Since the beginning of 2012, home values in Denver (just the
city, not the metro) have increased by a mind-numbing $18 million per day.
That’s $18 million per day, every day, for roughly 1,200
consecutive days. Add it all up, and
that’s $23 billion in freshly-minted equity just in the city of Denver.
I have never seen anything like it. In 21 years as a broker, including the high-flying
subprime days back in Southern California in the early 2000s, I’ve never seen
the economic landscape of a place change so fast or so dramatically. (You see the manifestation of this everyday between
7 - 9 a.m. and 3 - 6 p.m. on I-25, among other places)
So you’ve got an awful lot of people today who are feeling
pretty good about things, flush with equity with nothing but good vibes
about the housing market.
Which is kind of dangerous.
Buying a house is not supposed to be like hitting a jackpot
or winning big at the roulette wheel. It’s supposed to be a long-term
investment, slow and steady, with a few tax advantages thrown in to make it a
long-term winner.
That’s not how many people are looking at it right now.
Twelve years ago, I remember going to a coaching seminar
where a well-known, prominent real estate personality in Southern California
told me “People say that in Orange County, you need a second job to afford a
home. But the truth is, owning a home in
Orange County is like having a second job.”
That was fatally-flawed thinking, yet many people fell for
it.
Greed is a powerful emotion, and it’s being felt like on
both sides of our market right now.
Sellers want the cash, and many buyers want a piece of the action.
But the problem is, people suddenly seem to have selective
amnesia about the housing market and they are basing their decisions solely off
what’s happened over the past 36 months.
Houses make generational price shifts like this only one
every 20 or 30 years. Usually when some
radical variable is injected into the market, like a major employer moving into
town, a significant change in the tax laws or (in our case) the Federal Reserve
printing money with reckless abandon for five years, then loaning it out at
60-year lows.
Think about this… in 1944, when the VA first began making 30
year home loans, the initial interest rate on a mortgage was 3.5%. Today, 71 years later, rates are barely above
this initial launch point, in a market where home prices have increased 30% - 50% since the Federal Reserve fired up the printing presses in 2009.
Does that sound fishy to you?
Truth is, the government benefits a lot from a hot housing
market. There’s property tax revenue,
there’s the wealth effect (creating equity so that people will spend more,
generating more jobs and tax dollars) and there’s the overall job security that
befriends politicians when the economy is doing well.
There is innovation in our economy, and technology has
created new markets and amazing new growth opportunities. But on the other side, millions of jobs have
been lost, destroyed or outsourced to workers in other countries.

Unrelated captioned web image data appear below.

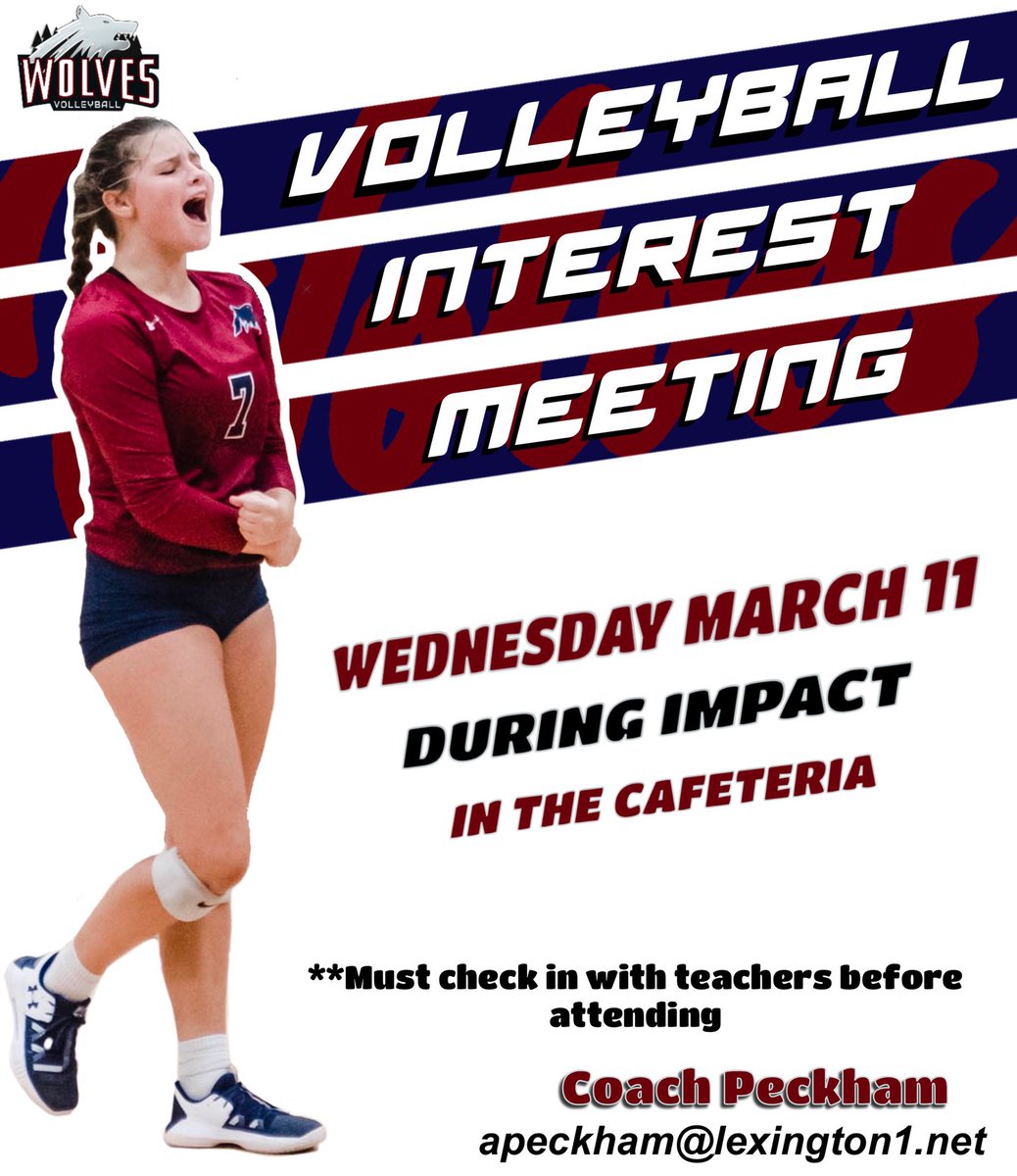It’s that time! Spring work outs will be in full swing here soon! If you are interested in playing volleyball next year AND showing you have what it takes, come to the interest meeting March 11th! 🏐 #2020season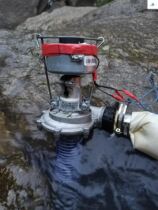 Wild pipe external force turbine water test generator home utiliti small portable 220v large use S rate V outdoor trial water channel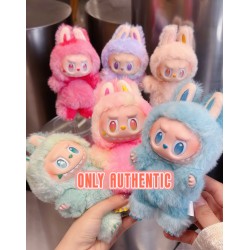 Popmart Labubu V1 V2 V3 Heartbeat Macaron PVC Keychain Collection Big Energy Series Pendant Doll Decor Genuine Toys Animal Gifts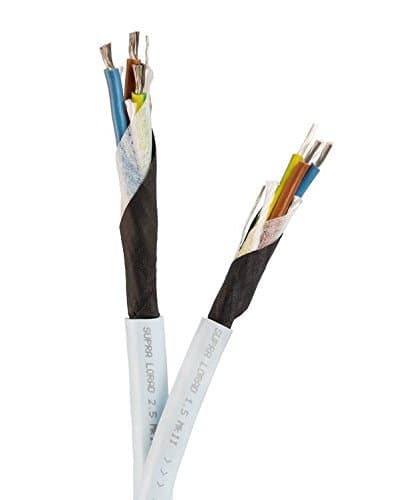 Supra Cables 3x2.5 LoRad Mains Flex Power Cable, 1-meter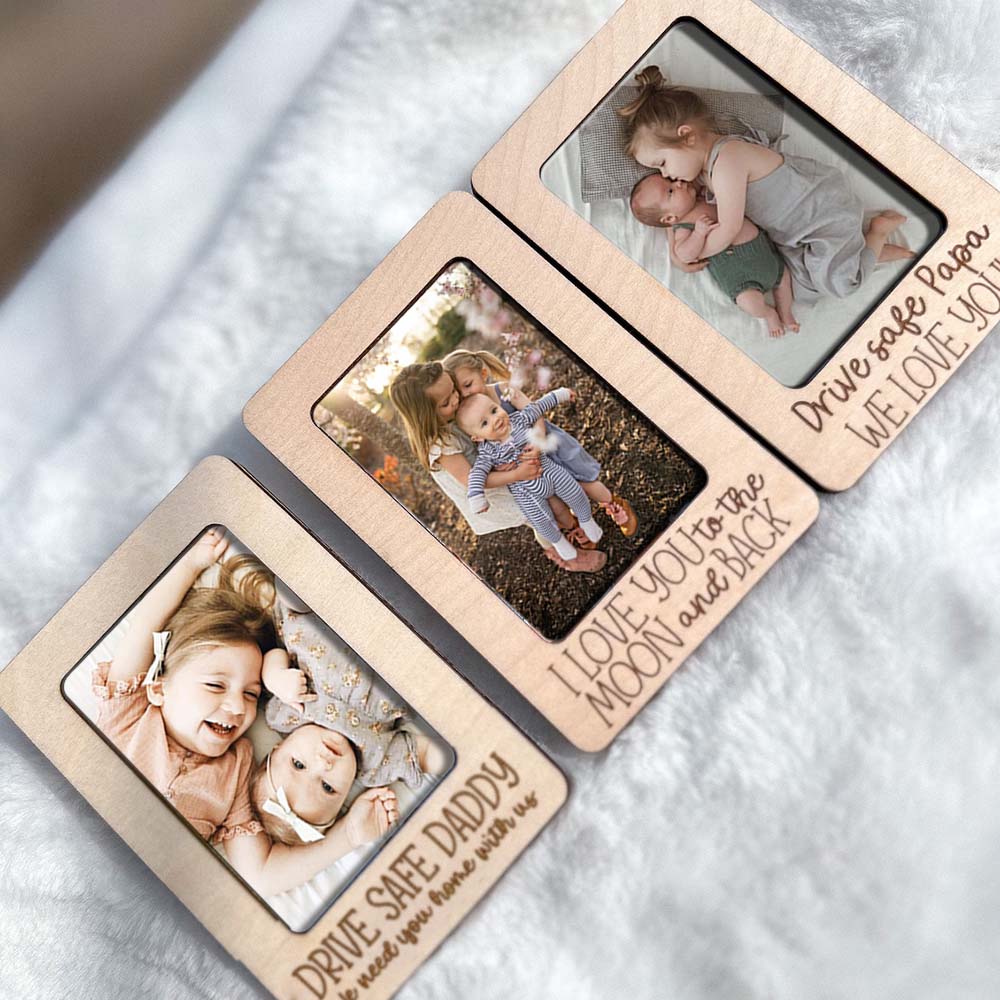 Personalized Picture Frame Car Visor Clip - Father's Day Gift FC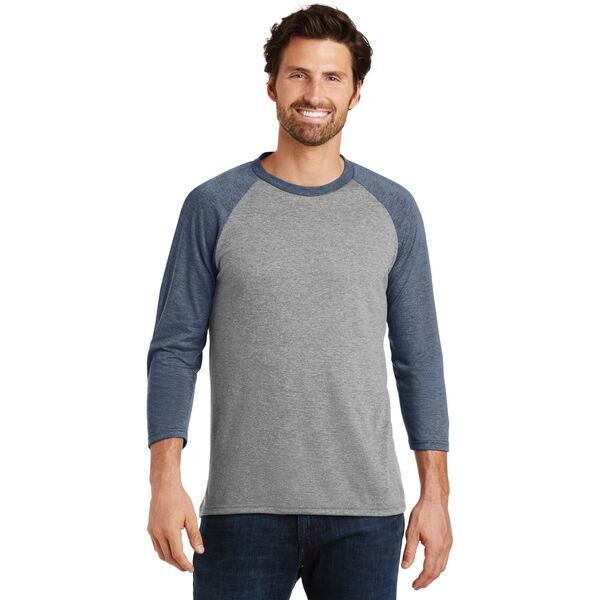 District Made® Perfect Tri™ Men's 3/4-Sleeve Raglan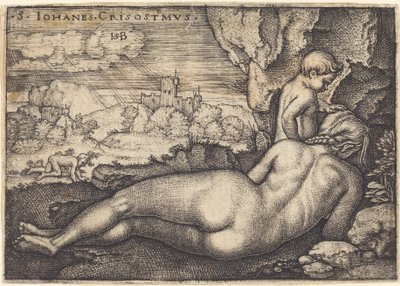 Penance of Saint Chrysostomus by Sebald Beham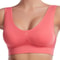 BreatheFit Sports Bra For Women Shockproof Wireless Yoga Bra With Breathable Air Mesh Support 1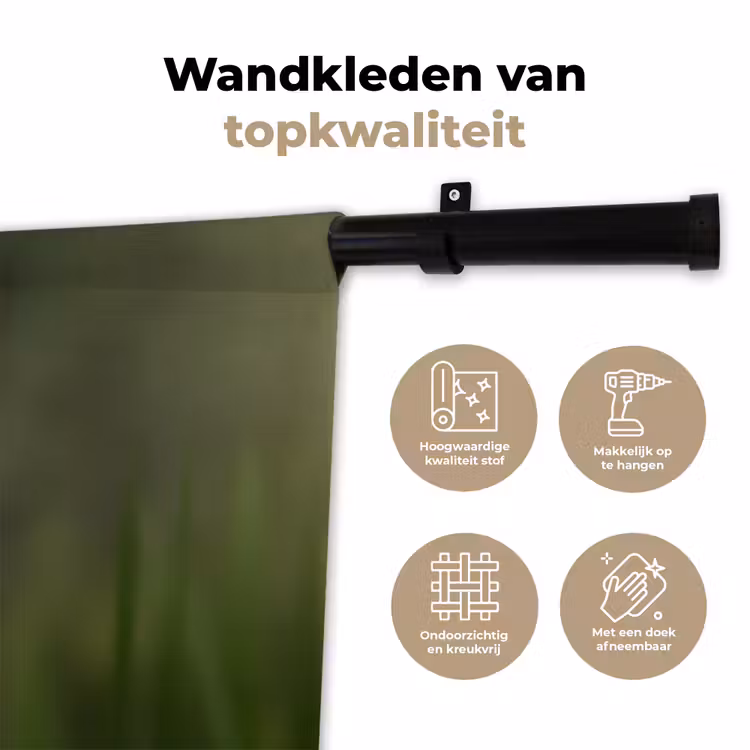 Wandkleed - Bloem - Gladiolen - Zalmroze — 3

We are moving into an 80/20 world, where most people will scrap to get by while a much smaller group leverages education,
technology and cheap money from the Federal Reserve to soar to
new economic heights.
In five to 10 years, we’ll look back and know if this
extended season of low rates did more harm than good.
I am of the belief that the Fed’s drastic intervention in
2008-09 was warranted and necessary, but low rates became a comfortable
drug-of-choice as artificially low borrowing rates started spinning off more
and more economic benefit.
The bottom line is that since the Great Recession, those
with access to assets and credit have made a killing, while those without them
have fallen further and further behind.
There’s a recklessness in the market right now that concerns
me, because too many people are walking around feeling like shrewd investors,
when in reality many of them just had good timing. In a hot market, everyone’s a genius.
I’m not telling people to get out of the market (yet) or
refrain from buying. But I am telling
people to slow down, evaluate things carefully, and get their emotions under
control. We’ve been in frenzy mode for
three years, and it’s going to look different in the future. Your decisions need to be reasoned and
sustainable, not just an emotional byproduct of playing with house money.